Ilustración: Valeria Reynoso
DESDE RÍO DE JANEIRO. ESPECIAL PARA NAN
Río de Janeiro sufre. A menos de un mes del inicio de los XXXI Juegos Olímpicos de Verano, que paradójicamente se llevarán a cabo en invierno, del 5 al 21 de agosto —el fútbol comenzará el 3, antes de la inauguración—, la organización se faja día a día contra propios y extraños para terminar las obras a tiempo y poder albergar, por primera vez en América del Sur, al evento deportivo más importante del mundo.
Más de 10 mil atletas representarán a 206 Comités Olímpicos Nacionales durante casi tres semanas; 33 escenarios diferentes, ubicados a lo largo y a lo ancho de la Cidade Maravilhosa, recibirán la lucha por las medallas y el honor; cinco ciudades que fueron sede en el Mundial de 2014 —Belo Horizonte, Brasilia, São Paulo, Manaos y Salvador— prestarán sus estadios para el fútbol y la señal SportTV, del multimedio Globo, ofrecerá 16 canales de TV y 40 en Internet para cubrir por completo la competencia.
¿Tudo bem?
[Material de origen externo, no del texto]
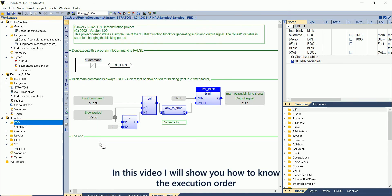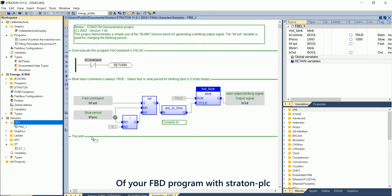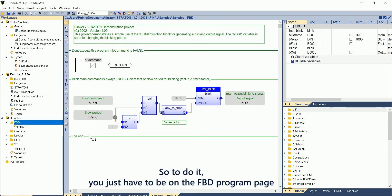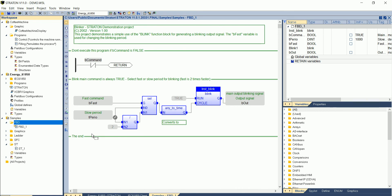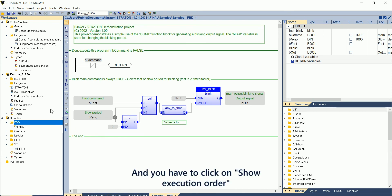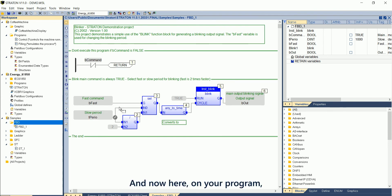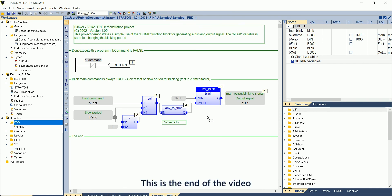In this video, I will show you how to know the execution order of your FBD program with Straton PLC. To do it, you just have to be on the FBD program page and click on 'show execution order'. Now on your program, you have the order of the execution displayed.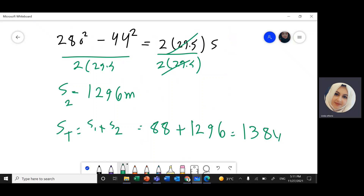We'll continue with the rest of the questions. We can round this to two significant figures, giving approximately 1,400 meters.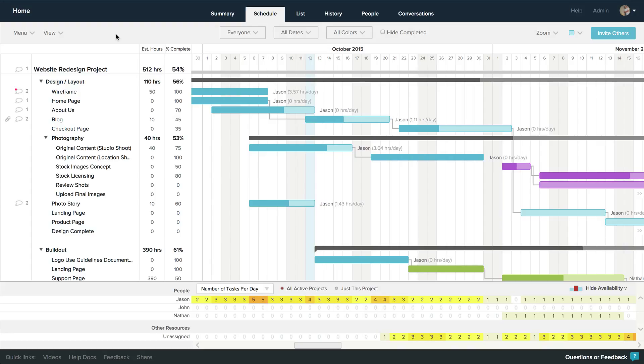One of the neat features of TeamGantt is the ability to plan your project in TeamGantt and then have the tasks displayed on a Google Calendar, Outlook, or Apple's Calendar app.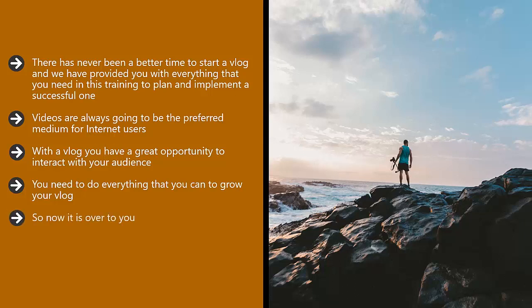So now it is over to you. Start planning your new vlog right away. If you need to invest in some good quality recording equipment, then do so. It will certainly be worth it and strengthen your commitment to your vlog.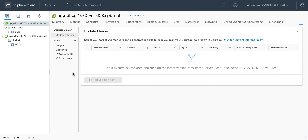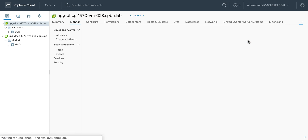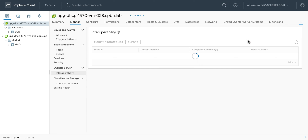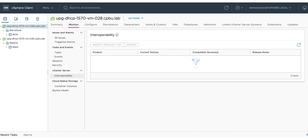Update Planner automates the following steps of an update: discover the current vSphere version and details, verify compatibility against the target vCenter Server version, verify interoperability of the target version with other products, as well as recommend, create, and test vCenter Server update plans.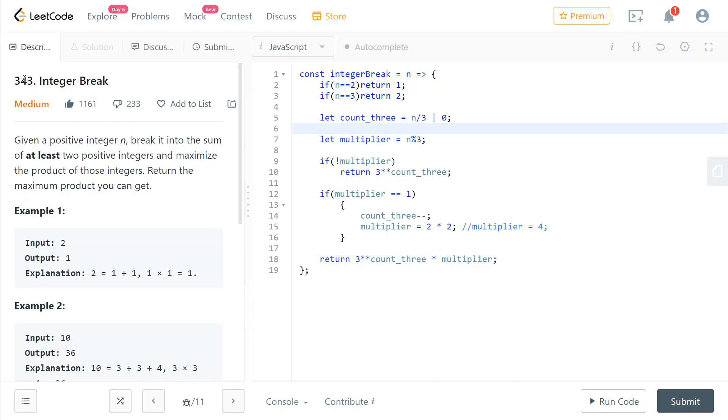Hey guys, today we're going to solve LeetCode Integer Break. We're given a positive integer n and we need to break it into the sum of at least two positive integers and maximize the product of those integers.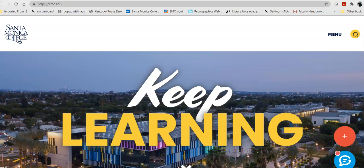Hello, this is Bryn Antrim, one of the librarians here at Santa Monica College.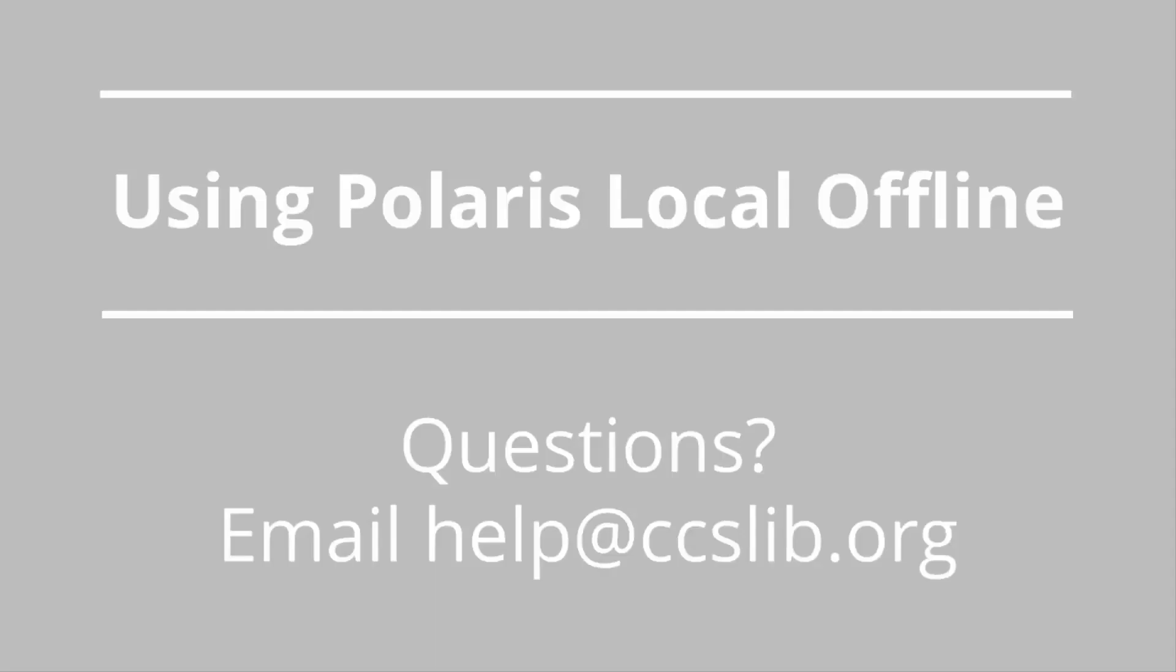Staff should read through the Using Local Offline handout to view more details and to read about registering patrons in Local Offline mode. The next video will show you how to upload Local Offline files. If you have any questions about Local Offline, email help at CCSLib.org.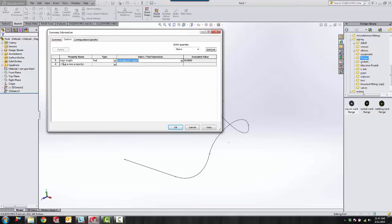And you see here we have a property name, a value text expression, and an equated value. And you can use this custom property in notes, your bill of materials, or any place that you can link data.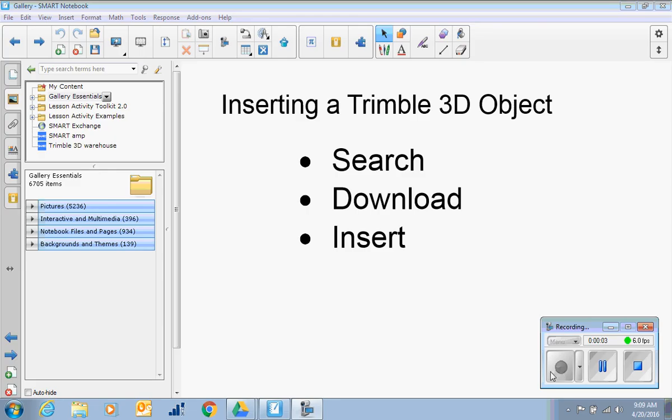Hello! Welcome to a Let's Learn video with Sherry G! We're going to be inserting a Trimble 3D object into Smart Notebook Lesson.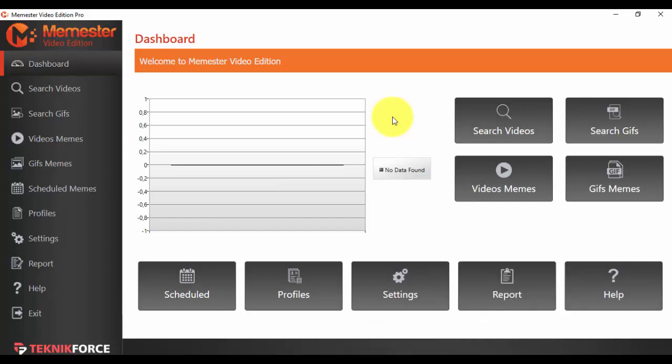Hello and welcome to this short demonstrational video on how Memster works.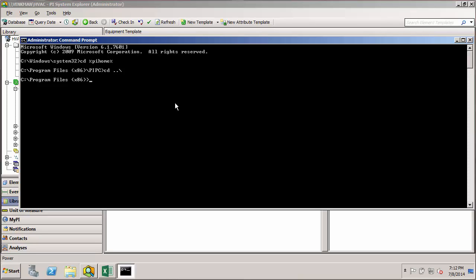Likewise, if we're in an element that has a child element and we want to get an attribute value out of that child, we do something similar to what we do in the command prompt. In the command prompt, to go to a lower level I do cd, a single dot, a slash, then the folder name — for example PI PC — and that takes me down a level. So for AF substitution parameters, you'd do percent-at, dot-backslash, then the child element name, pipe, then the attribute inside that child element, and a closing percent sign.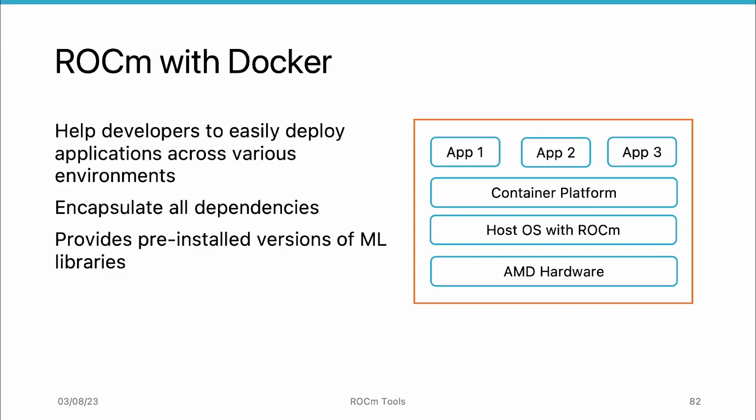Containers are also provided by AMD with pre-installed versions of popular machine learning libraries like PyTorch and TensorFlow. This enables programmers to simply use these containers to run their machine learning applications without having to perform a time-consuming setup.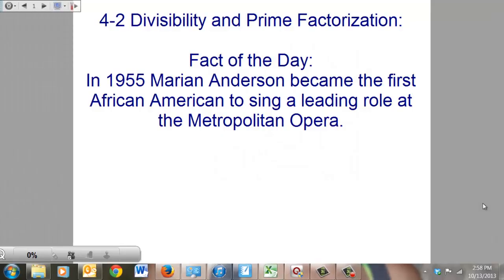Chapter 4, Section 2: Divisibility and Prime Factorization. You can learn some great divisibility rules here, and if you take the time to memorize them they will make your life so much easier in the future. If you choose not to memorize them, you can suffer when trying to divide and find common factors.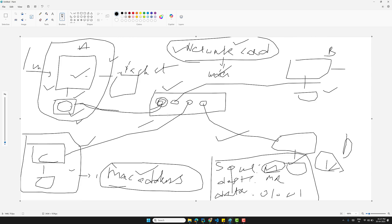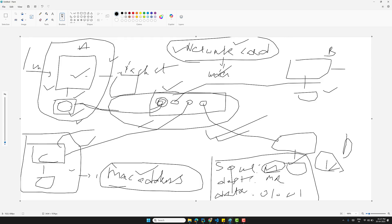Once you understand this, concepts like TCP, IP addresses, routers, and the internet as a whole will start making a lot more sense. This is how communication works within the same network. In the next video, we'll take this foundational knowledge and use it to build real network applications using Node.js. Hit the like button, subscribe, and let's keep building!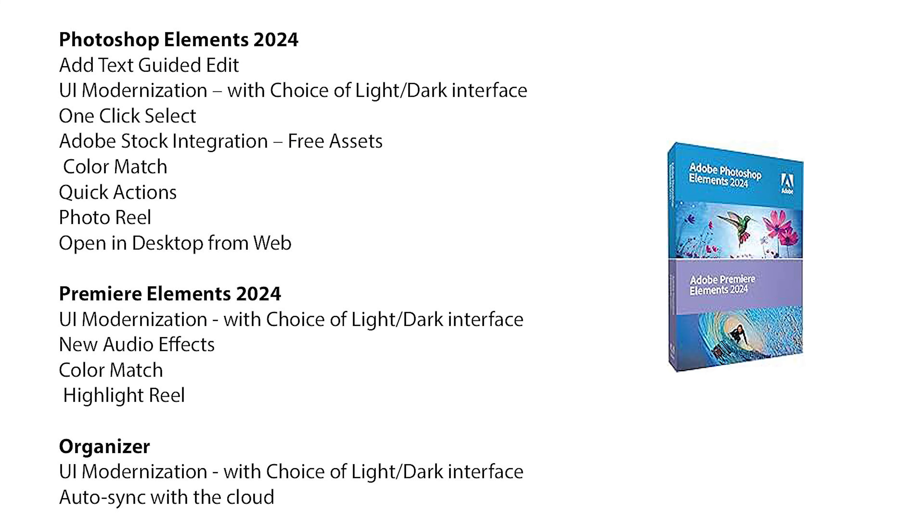So here is the list that I promised of all the new features in each of the version 24 applications. Give it a look over and see whether anything is applicable to you and also check out my more detailed demonstration videos from the links below.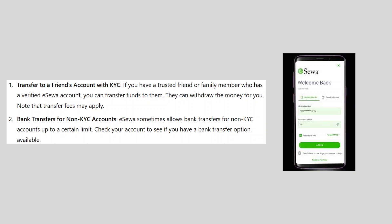If you have a trusted friend or family member who has a verified eSewa account, you can transfer funds to them. They can withdraw the money for you. Note that transfer fees may apply.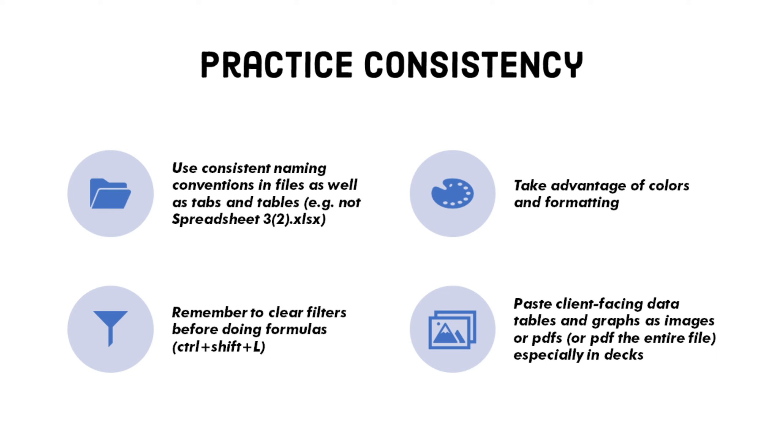And lastly, it's common practice to paste all client-facing data, tables, and graphs into your deliverables as images or just PDF the entire file. Do this until they get frustrated enough to ask for your source data calculations, or better yet, just give up on trying to figure out how you got your numbers and just roll with it.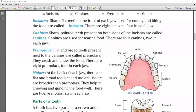Each jaw has two canines, and the total number is four. Next, premolars: flat and broad teeth present next to the canines are called premolars. They crush and chew the food. There are eight premolars, four in each jaw.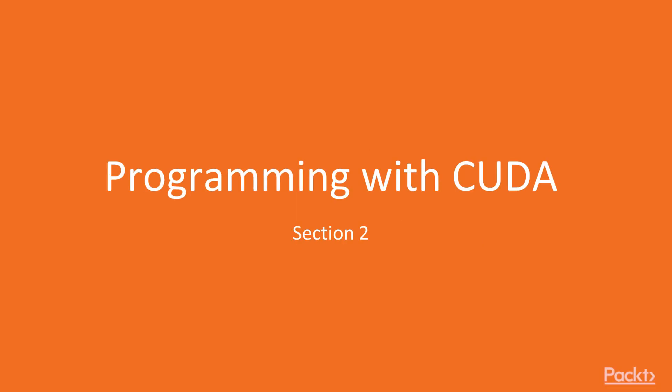Section 2, Programming with CUDA. In this section, we'll explore the nuts and bolts of programming with CUDA. We'll learn about the programming model and how that maps to the hardware.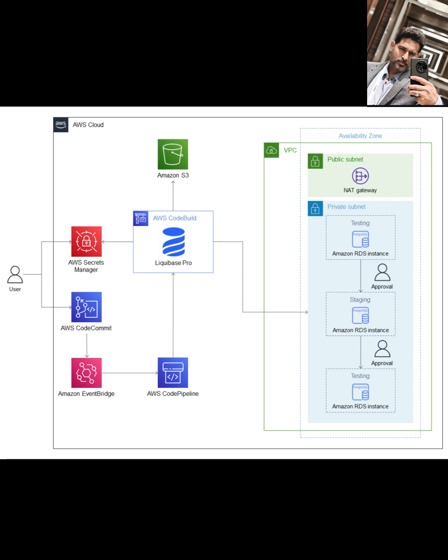Sensitive information, like your database credentials and your Liquibase Pro license key, are stored securely in AWS Secrets Manager. Pipeline artifacts and logs are stored in Amazon S3 for auditing.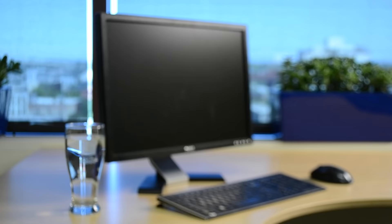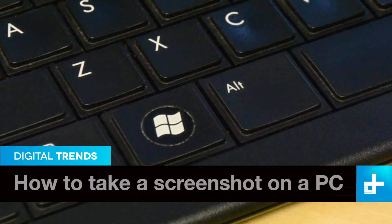Taking screenshots on a PC is simple, and there are a few ways to do it using the Windows operating system. In most versions of Windows,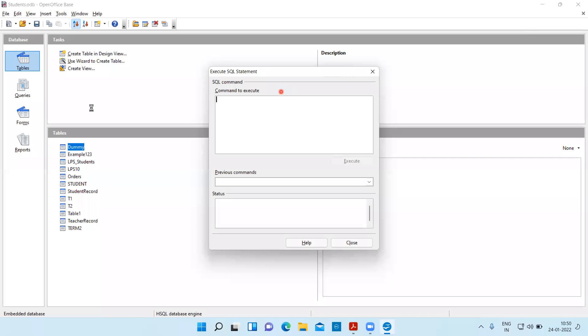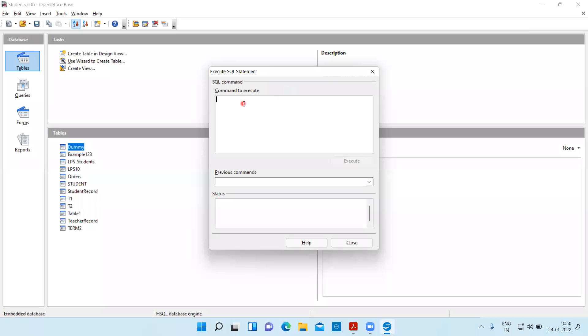Once again I've opened the Execute SQL Statement command prompt. Let's say I want to change Daksh Kalra's age from 16 to 17.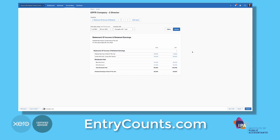This report shows the opening retained earnings, the current period earnings, less any dividends paid. AASB 1060 allows you to use this report if there are no changes in share capital and reserves. If you did have changes in share capital and reserves, you have to use the statement of changes in equity.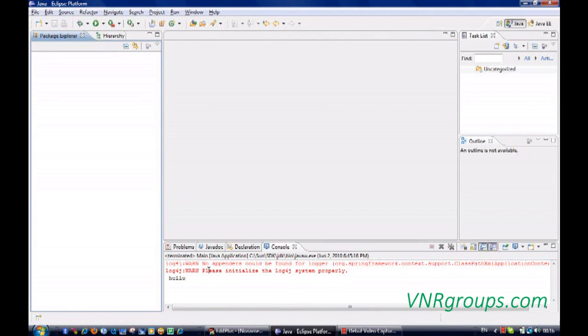Hello guys, welcome to the video. Here I will show you how to configure the Spring dependency injection in Java class.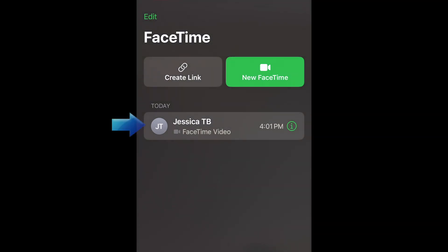After finishing a FaceTime call, it will appear in your call history list in both the FaceTime app and the Phone app. You can easily tap a person's name in your FaceTime history list to call them back.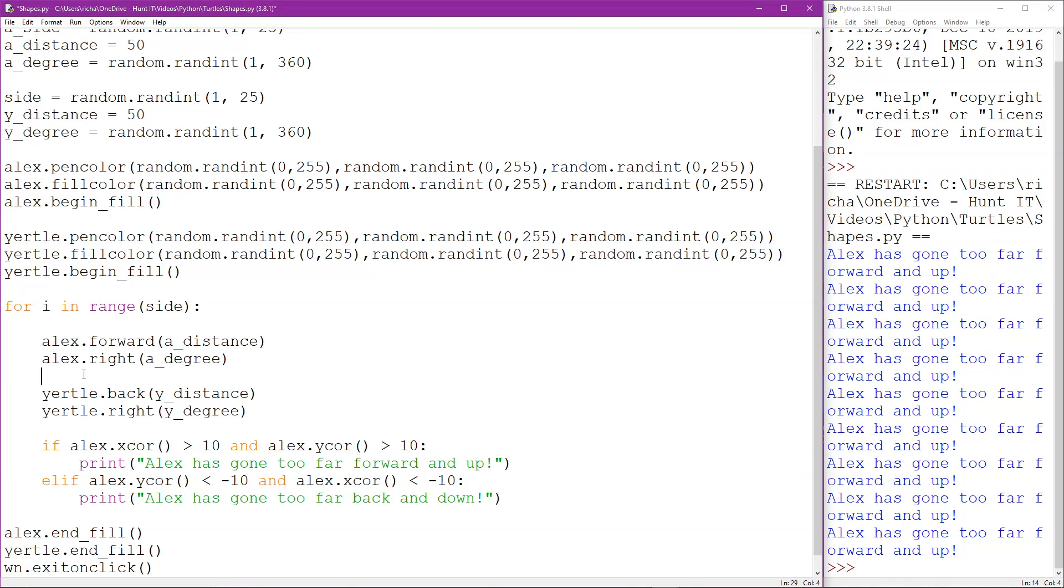The problem is if you use compared Alex's coordinates to Yertle's, the only way they could detect each other is if they were exactly in the same place which isn't much good.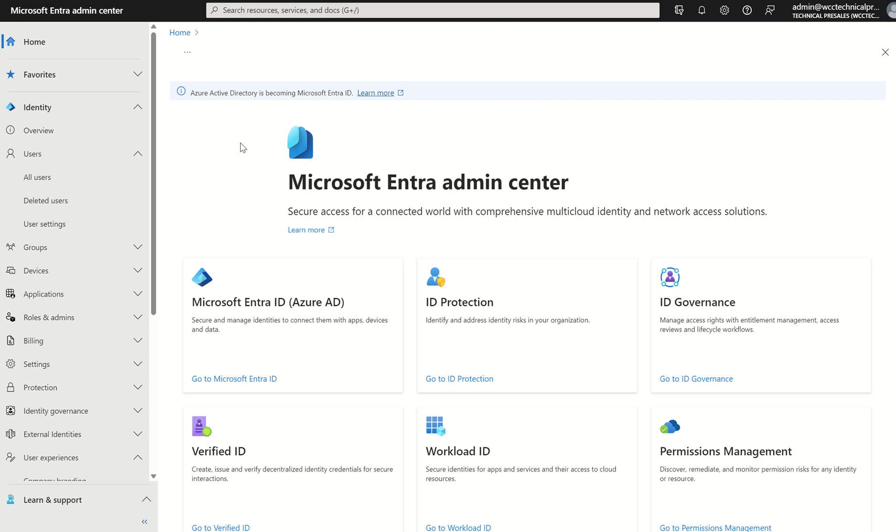Hi everyone, it's Rio Cloud Sync. In today's session, I'm going to show you how to configure company branding for your Microsoft 365 organization.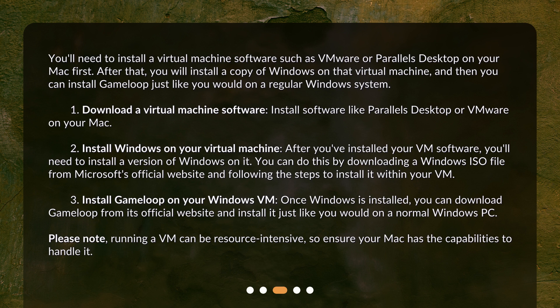Step 1: Download a virtual machine software. Install software like Parallels Desktop or VMware on your Mac. Step 2: Install Windows on your virtual machine. After you've installed your VM software, you'll need to install a version of Windows on it. You can do this by downloading a Windows ISO file from Microsoft's official website and following the steps to install it within your VM.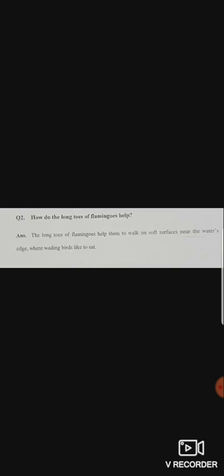Now question number 2: How do the long toes of flamingos help? The flamingos that exist, their long toes - we read about this in the lesson reading. Answer is: The long toes of flamingos help them to walk on soft surface near the water edge, where wading birds like to eat.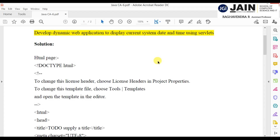Now I'm going to explain CA number 6, which is to develop a dynamic web application to display current system date and time using servlets. We are using the servlet concept, so from simple Java applications we now work with servlets. Whenever we use servlets, we work with web applications, which are dynamic and work through the web browser.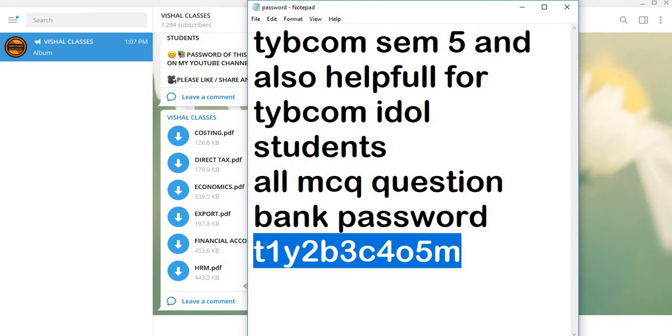Note down: T1Y2B3C4O5M. All letters should be small. Your PDF will open. If there is a link, then I will give you an idea. You will note down this in a paper or book. You will not have to be confused every time.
Más o menos…
Es muy distinta la realidad actual del quinto país más poblado del mundo con respecto a la de octubre de 2009, cuando el Comité Olímpico Internacional (COI), reunido en Copenhague, Dinamarca, designó la sede. La crisis económica brasileña —se vive la mayor recesión en 80 años, con inflación y desocupación que alcanzan los dos dígitos— obligó al gobernador interino del Estado de Río de Janeiro, Francisco Dornelles —Partido Progresista (PP)— a declarar por decreto “estado de calamidad pública” para poder financiar los Juegos.
En el diario oficial se publicó que tal decreto permite a los funcionarios «adoptar las medidas excepcionales necesarias para la racionalización de todos los servicios públicos con vistas a la realización de los Juegos Olímpicos y Paralímpicos Río 2016″.
“No creo que todo vaya a salir bien. Brasil se convirtió en un lugar sin ley, sin respeto, sin moral. El país está atravesando un pésimo momento. Las personas están cada vez más divididas y llenas de odio. Mi única esperanza es que después de la tormenta, venga la calma. Pero todo puede suceder, ya me fui a dormir con un presidente y me desperté con otro”, cuenta preocupada Camila Rodrigues, estudiante paulista que vive en el interior de Río.
La situación política es tan grave que Brasil podría tener un presidente para los Juegos Olímpicos y otro distinto en los Paralímpicos, que de disputarán del 7 al 18 de septiembre.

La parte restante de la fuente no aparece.